The Congress should worry not only about the increased victory margins of the candidates but also about political instability. This is the second time the TRS has performed well on its own. Mr T Harish Rao, nephew of Mr Chandrasekhar Rao, retained Siddipet by 95,381 votes, the kind of majority usually seen in Lok Sabha elections. All other candidates secured majorities ranging from 10,000 to 60,000 votes. The students of the region support the movement.

If the Srikrishna Commission set up to go into the Telangana issue recommends a separate State in December, there would be bloodshed in Andhra Pradesh. Rayalaseema would seek a Greater Rayalaseema. Moreover, where would Hyderabad go? Billions have been invested in Hyderabad by outsiders as well as industrialists from Andhra Pradesh.

The future is uncertain if things are not handled politically. First of all, the results have strengthened the case for a separate Telangana. From here onwards, there will be more pressure even from within the Congress now that the people of Telangana have spoken clearly.

Secondly, apart from being a moralebooster for the TRS, the results could influence the Srikrishna Commission. It cannot ignore the voters’ desire while submitting its report in December this year.

Thirdly, the results are indirectly set to tilt the balance in favour of Mr Jaganmohan Reddy, who had been testing the waters with his Odarpu Yatra. Mr Jaganmohan Reddy’s supporters, emboldened by the by-poll results, have once again stepped up their demand to replace Mr Rosaiah.
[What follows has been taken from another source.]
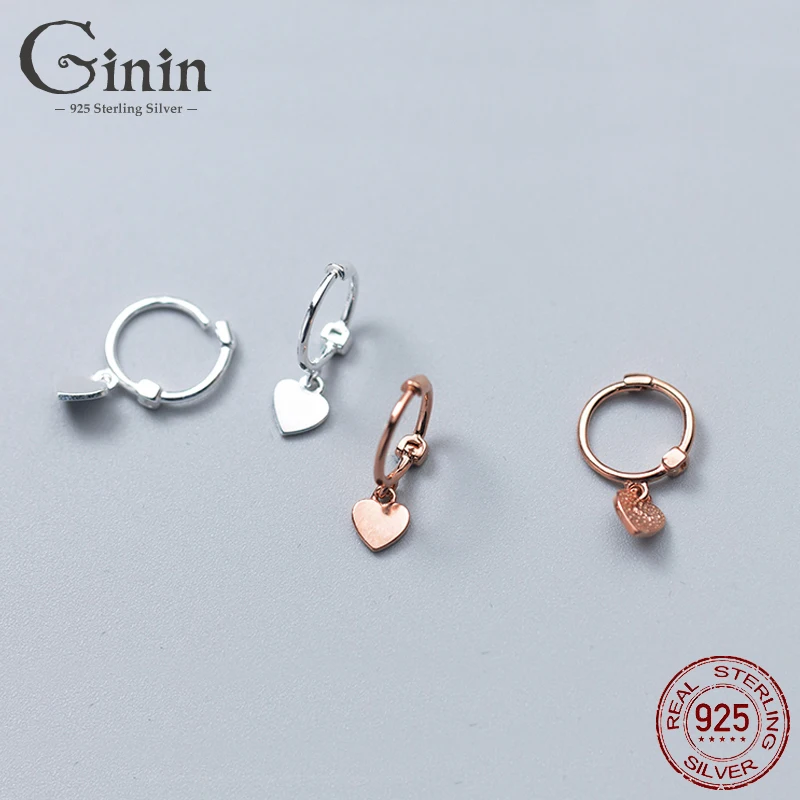 

Ginin Simple Heart Shape Small Pendant 925 Sterling Silver Drop Earrings for Women Korean-Style Chic Unique Girl Ear Jewelry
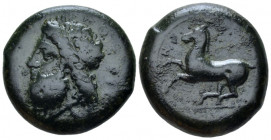 Sicily, Syracuse Dilitron circa 344-337, Æ 26.00 mm., 20.22 g.
 Head of Zeus Eleutherios bearded and laureate l. Rev. Horse prancing l. SNG ANS 536. ...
Fourthly, the poll outcome has widened the differences within the Congress. This is evident from the way the MPs from the pro- and anti-Telangana camps have started dinner diplomacy in the capital to strategise how to put pressure on the Centre.

Fifthly, political instability would increase. There is demand for the ouster of Mr Rosaiah. There is another group, which demands action against Mr Jaganmohan Reddy.
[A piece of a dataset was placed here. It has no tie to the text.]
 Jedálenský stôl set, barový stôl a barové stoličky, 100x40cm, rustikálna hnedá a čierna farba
The Congress leaders have put up a brave face, claiming that losing a dozen seats in the 294-seat Assembly does not mean that things are not well. It is true that the Congress was not holding any of these seats, but the results are a reminder of how much the party stands to lose if it does not get its Telangana strategy right before the next polls.

If the Congress leadership wants to set right things in the State, inaction cannot be the answer. The division in the party on Telangana does not auger well. The first thing is to bring unity in the party. This will be a difficult in view of the sensitivity of the issue.

Secondly, PCC chief D Srinivas has cut a sorry figure, as he could not get elected in the by-polls despite spending huge amounts of money. A package deal to replace the PCC chief as well as the Chief Minister should be worked out before the Srikrishna Commission report is submitted.

Thirdly, Mr Jaganmohan Reddy should be tackled immediately. If the Congress is complacent that there are three-and-a-half more years for the next Assembly polls, things may go out of control.